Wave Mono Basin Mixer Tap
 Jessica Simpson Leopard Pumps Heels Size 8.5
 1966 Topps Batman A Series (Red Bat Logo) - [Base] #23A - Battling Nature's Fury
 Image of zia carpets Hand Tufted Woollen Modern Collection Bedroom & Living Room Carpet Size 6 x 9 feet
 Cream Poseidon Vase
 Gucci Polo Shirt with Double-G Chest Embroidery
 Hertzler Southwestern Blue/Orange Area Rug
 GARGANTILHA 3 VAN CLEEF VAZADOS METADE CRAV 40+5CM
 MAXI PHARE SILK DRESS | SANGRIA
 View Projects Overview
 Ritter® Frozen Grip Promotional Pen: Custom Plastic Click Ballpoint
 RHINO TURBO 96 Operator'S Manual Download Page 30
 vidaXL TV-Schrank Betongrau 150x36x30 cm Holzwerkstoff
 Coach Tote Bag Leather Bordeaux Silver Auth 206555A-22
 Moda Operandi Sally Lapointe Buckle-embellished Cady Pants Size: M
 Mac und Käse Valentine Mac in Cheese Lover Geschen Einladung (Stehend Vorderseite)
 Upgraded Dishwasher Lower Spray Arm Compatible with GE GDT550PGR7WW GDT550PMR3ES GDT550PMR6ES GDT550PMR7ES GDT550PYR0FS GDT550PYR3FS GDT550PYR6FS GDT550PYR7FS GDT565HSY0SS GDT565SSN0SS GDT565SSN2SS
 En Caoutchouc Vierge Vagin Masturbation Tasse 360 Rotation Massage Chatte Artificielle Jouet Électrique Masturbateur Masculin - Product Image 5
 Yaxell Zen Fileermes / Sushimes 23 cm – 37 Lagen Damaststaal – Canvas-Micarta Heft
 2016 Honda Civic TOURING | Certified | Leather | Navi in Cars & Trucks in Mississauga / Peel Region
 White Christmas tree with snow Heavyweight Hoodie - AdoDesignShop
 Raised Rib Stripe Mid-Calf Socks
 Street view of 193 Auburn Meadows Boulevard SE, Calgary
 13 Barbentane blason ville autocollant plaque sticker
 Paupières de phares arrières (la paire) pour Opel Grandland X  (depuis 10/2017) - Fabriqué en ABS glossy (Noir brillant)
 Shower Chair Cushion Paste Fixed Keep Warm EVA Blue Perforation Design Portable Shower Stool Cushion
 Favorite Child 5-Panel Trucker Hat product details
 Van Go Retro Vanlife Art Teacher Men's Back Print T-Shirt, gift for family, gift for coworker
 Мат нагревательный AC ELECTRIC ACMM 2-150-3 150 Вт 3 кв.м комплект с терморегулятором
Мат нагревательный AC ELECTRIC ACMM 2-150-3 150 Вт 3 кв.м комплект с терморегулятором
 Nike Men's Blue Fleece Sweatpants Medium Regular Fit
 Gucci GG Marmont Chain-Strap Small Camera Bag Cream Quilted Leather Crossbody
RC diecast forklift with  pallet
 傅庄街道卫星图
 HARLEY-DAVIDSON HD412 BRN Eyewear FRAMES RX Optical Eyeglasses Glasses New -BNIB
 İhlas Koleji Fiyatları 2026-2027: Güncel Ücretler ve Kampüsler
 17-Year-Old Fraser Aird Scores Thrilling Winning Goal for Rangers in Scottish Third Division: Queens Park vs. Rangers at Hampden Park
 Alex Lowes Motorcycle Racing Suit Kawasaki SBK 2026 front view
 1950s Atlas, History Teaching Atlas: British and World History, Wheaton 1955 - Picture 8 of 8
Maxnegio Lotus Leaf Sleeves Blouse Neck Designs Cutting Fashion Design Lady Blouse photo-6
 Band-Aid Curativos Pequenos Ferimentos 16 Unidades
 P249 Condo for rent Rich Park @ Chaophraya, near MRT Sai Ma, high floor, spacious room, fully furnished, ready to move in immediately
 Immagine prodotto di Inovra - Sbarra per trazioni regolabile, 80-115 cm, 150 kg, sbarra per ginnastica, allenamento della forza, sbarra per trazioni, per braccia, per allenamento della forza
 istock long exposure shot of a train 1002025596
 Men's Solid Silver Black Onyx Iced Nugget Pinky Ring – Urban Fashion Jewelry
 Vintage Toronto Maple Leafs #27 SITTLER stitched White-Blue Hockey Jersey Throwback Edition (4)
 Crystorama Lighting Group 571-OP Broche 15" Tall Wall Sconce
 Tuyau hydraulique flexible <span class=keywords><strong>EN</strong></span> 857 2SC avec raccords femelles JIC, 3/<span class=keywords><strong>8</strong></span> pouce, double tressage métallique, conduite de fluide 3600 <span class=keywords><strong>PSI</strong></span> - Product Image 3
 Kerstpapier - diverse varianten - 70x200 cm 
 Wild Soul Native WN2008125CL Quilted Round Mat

━━━━━━━━

WORK REQUEST
Please copy out each line in the entries that mentions the string "терморегулятором".

FINISHED TASK
 Мат нагревательный AC ELECTRIC ACMM 2-150-3 150 Вт 3 кв.м комплект с терморегулятором
Мат нагревательный AC ELECTRIC ACMM 2-150-3 150 Вт 3 кв.м комплект с терморегулятором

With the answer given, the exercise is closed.